**To do**. Return the listing below unchanged, but without pictures.

**Data provided**.
|---|

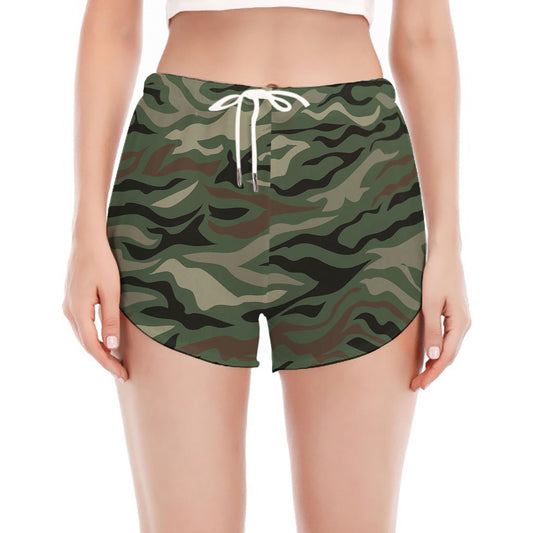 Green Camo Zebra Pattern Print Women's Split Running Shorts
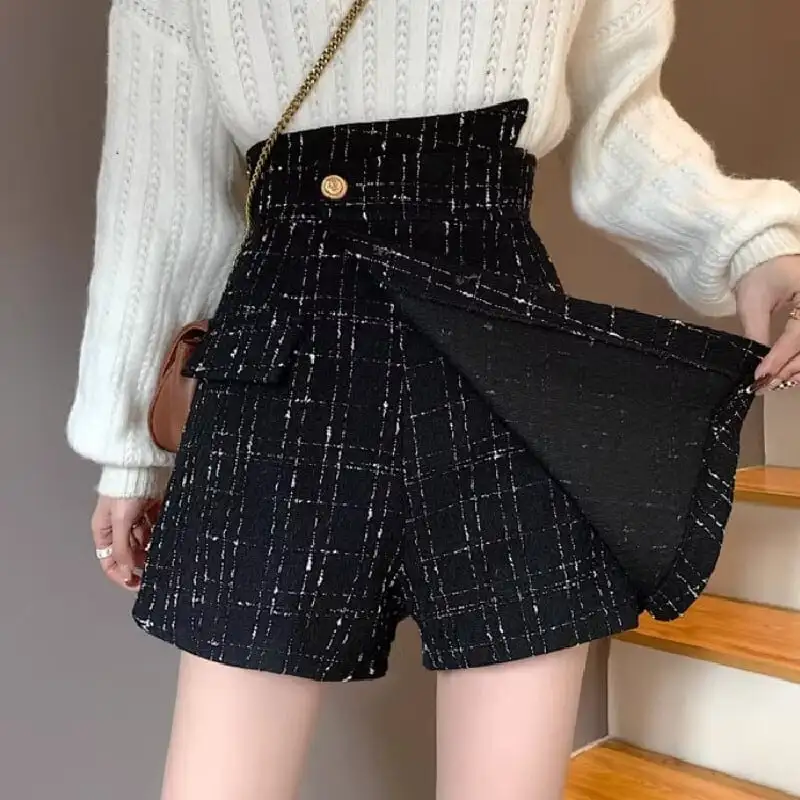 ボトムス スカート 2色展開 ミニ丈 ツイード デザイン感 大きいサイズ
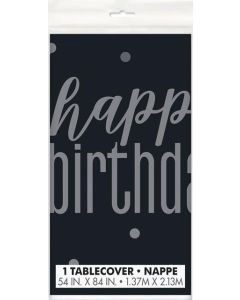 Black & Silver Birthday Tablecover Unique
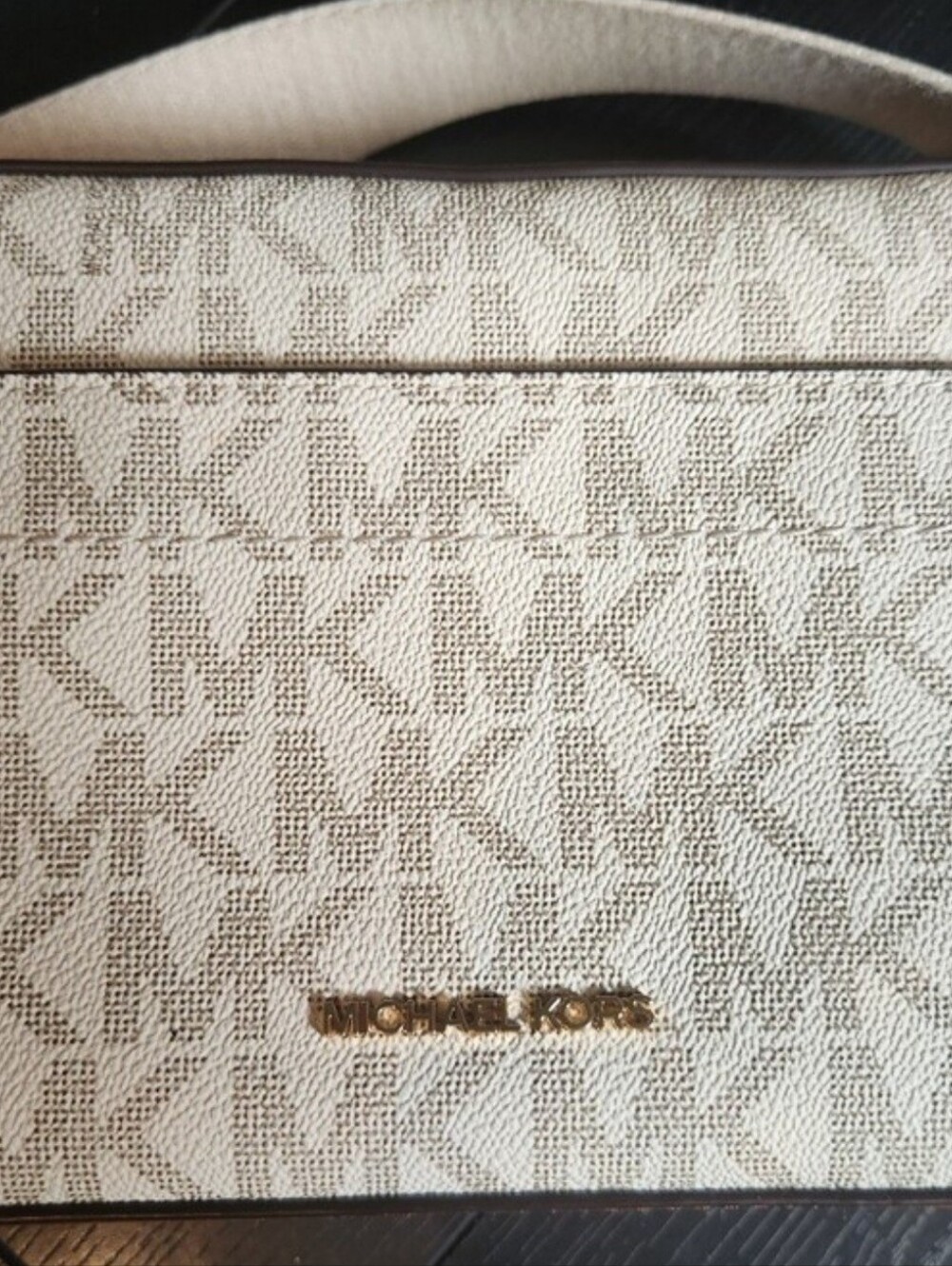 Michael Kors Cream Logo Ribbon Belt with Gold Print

|---|

**Solution for this problem**.
 Green Camo Zebra Pattern Print Women's Split Running Shorts
 ボトムス スカート 2色展開 ミニ丈 ツイード デザイン感 大きいサイズ
 Black & Silver Birthday Tablecover Unique
 Michael Kors Cream Logo Ribbon Belt with Gold Print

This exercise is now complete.